Carmine Pascuzzi of Mediasearch felt the duo "bring their own unique identity to this eclectic and delicious set of tracks. They work very cohesively and sharply in their electro beats and fuse styles ranging from trance to punk-rock elements. Their power has seen them acclaimed as one of Australia's best live dance acts and this album cements their position in musical originality and creativity."Cyclic Frosts Matthew Levison opined, "This is lowest common denominator music, all boxes ticked... Painful, preset, mundane and monotonous. If this is the only resistance to our system, then it's no wonder Australia is so conservative right now."

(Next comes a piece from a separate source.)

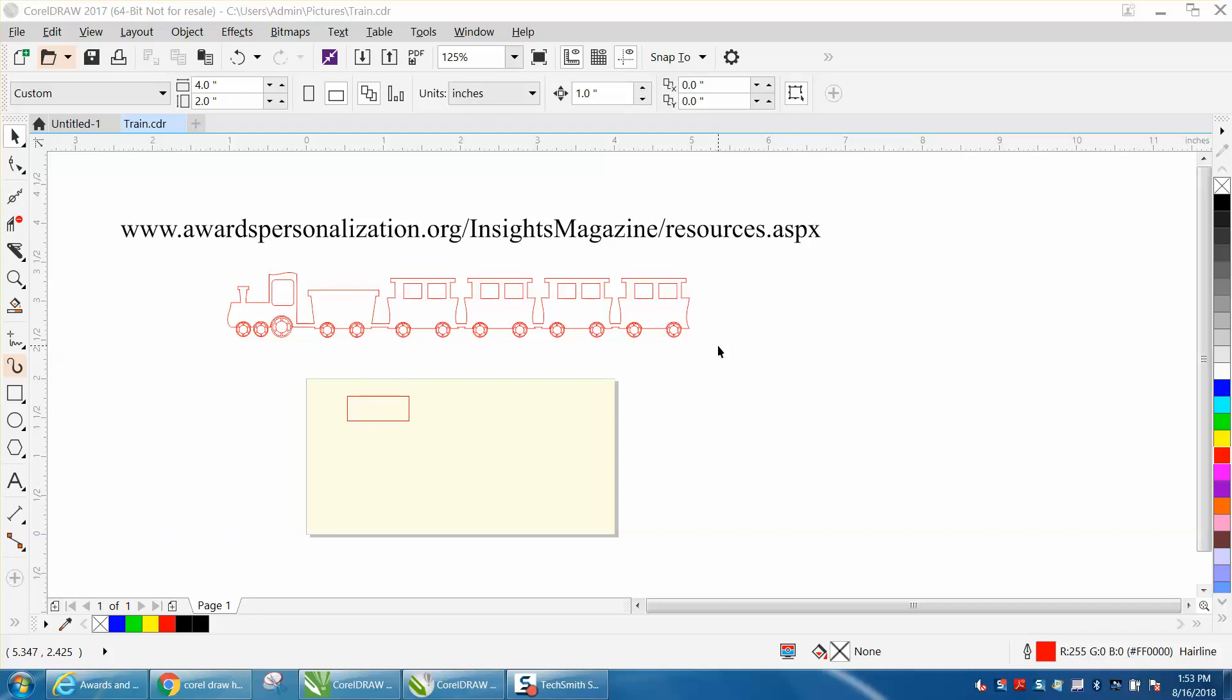Hi, it's me again with Corel Draw Tips and Tricks. This video will really only be for people that have, I'm almost sure, Corel 2017 and above.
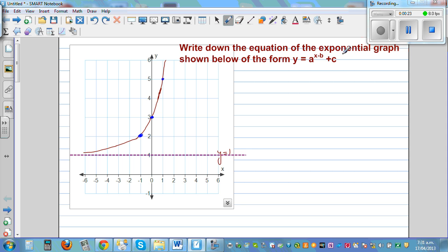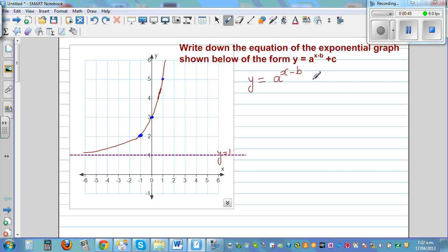Using this information, can we find a, b, or c? You can pause the video and try to do this yourself. This exponential graph is always above 1 and approaching 1, so we can write c = 1. So the equation becomes y = a^(x−b) + 1. Now we have two unknowns, a and b, which are unknown constants, and we need to find them.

In mid-2005, Gascoigne and Hede collaborated with Cole and her then-domestic partner, Daniel Belle (also from Australian Idol), as a four-piece trip hop group, Spook. McCabe & Downie of The Daily Telegraph detailed how the couple were initially asked "to sing on some tracks" and that "the foursome discovered some major songwriting chemistry." During the collaboration, "Gascoigne... took care of composition and production. Cole delivered lyrics and vocal melodies and Belle discovered a talent for recording intricate harmonies and string arrangements."

On the same date in October as Statler & Waldorf's debut album, Spook provided its sole studio album, The Dusk Sessions, which reached No. 24 on the ARIA Dance Albums Chart. Mediasearchs Gabrielle Phillips elaborated on their style, "a mixture of triphop style beats that can be dark, uplifting, simple and yet emotionally sophisticated all at the same time... Most songs have been contributed and added to by each of the artists, to create a mixture of sounds that is both unexpected and extremely enjoyable."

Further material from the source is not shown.